The late Pope Francis weighed in on this precisely by pointing out in Luke 10 the parable of the man lying by the side of the road, the indifference of the priest and the Levite, and the compassion of the Samaritan as the governing model for a Christian ethic of compassion and mercy towards “the other,” towards the one who is a foreigner, an alien, a stranger.
We need to gaze seriously and with contemplative intent upon this parable. The man is lying on the road, helpless, a victim of violent crime, in desperate need. The Samaritan, who alone comes to his aid, is a member of a despised outsider class, a sworn enemy of the people of Israel.

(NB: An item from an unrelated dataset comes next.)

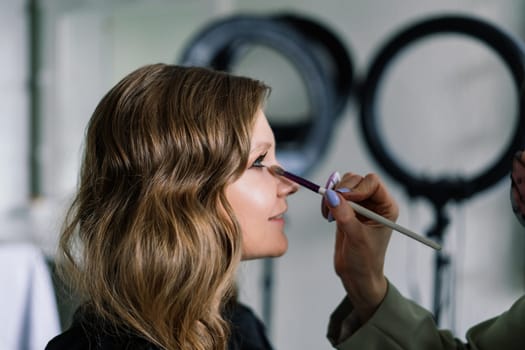 Backstage of photo shoot: Make-up artist applies makeup on beautiful white model.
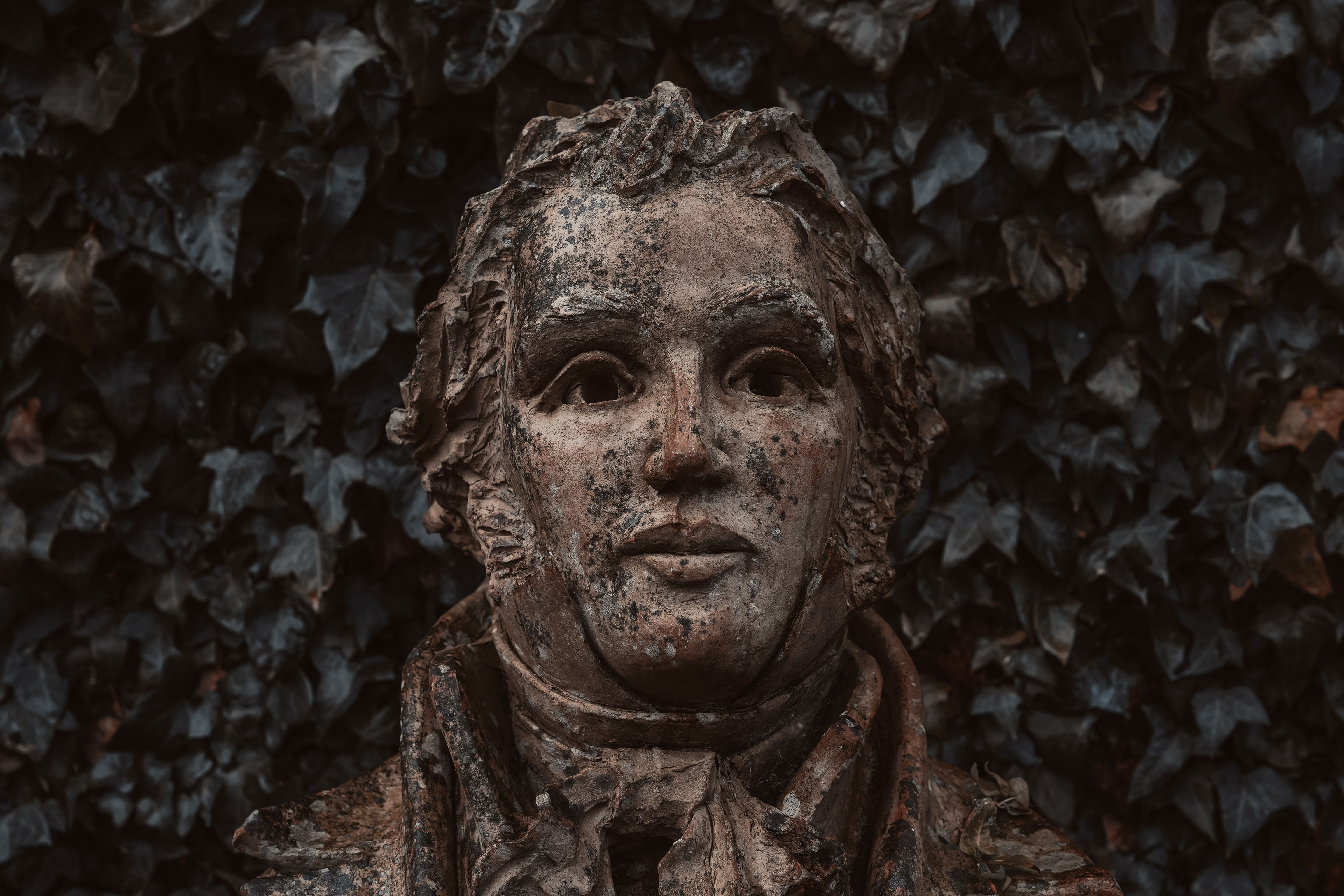 Enchanted sculpture surrounded by dark ivy in Gretna Green, Scotland.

Those who deny the man aid have their reasons and, no doubt, consider prior obligations more important and pressing than the needs of this helpless stranger. It’s all very human, and those of us with any humility can recognize ourselves in the two who decided to walk past “on the opposite side.” Few of us can cast the first stone on that point.
But here we have this Samaritan, who is moved by a different spirit. Apparently, whatever else he had planned for that day, wherever he was heading, whoever was waiting for him there, and whatever claim they might have had on his resources are all just going to have to wait. He spares no expense and goes to extraordinary time and trouble to attend to this man in the direst of need.
It is hard to communicate the level of enmity that existed between Jews and Samaritans in the world of 1st century Palestine. But we don’t really have to exercise that much imaginative power — we see on all sides that same bitter enmity between peoples today. A charity that surpasses that level of ethnic and nationalistic hatred is a charity that springs from the very heart of God.
And this is what the Lord is calling us to.
In the world today there are steeply rising tides of ethno-nationalist and racial hatred. On the political front, polarization has yielded more and more to a hard animosity towards anyone identified as “the other” to the point where political violence seems more and more likely.
Tremendous pressure is put on people to take sides in whatever conflict is being considered, be it the response of the wealthy nations to the floods of migrants from the global south, the economic trade battles that dominate the news as I am writing this article, or the actual wars being fought in so many places.
Yes, take a side, and then give in to utter hatred of those on the other side, be they the Russians, the Ukrainians, the Jews, the Palestinians, the Americans, the Chinese. Be they the conservatives, the liberals, the blacks, the whites, the Latinos. Whoever it may be, choose the target and hate, hate, hate.
Many people, and perhaps quite a few among our Restoration readership, are not prone to this hatred, but we cannot deny that it is a reality in our modern political and social life. It is certainly not absent from our church communities and families.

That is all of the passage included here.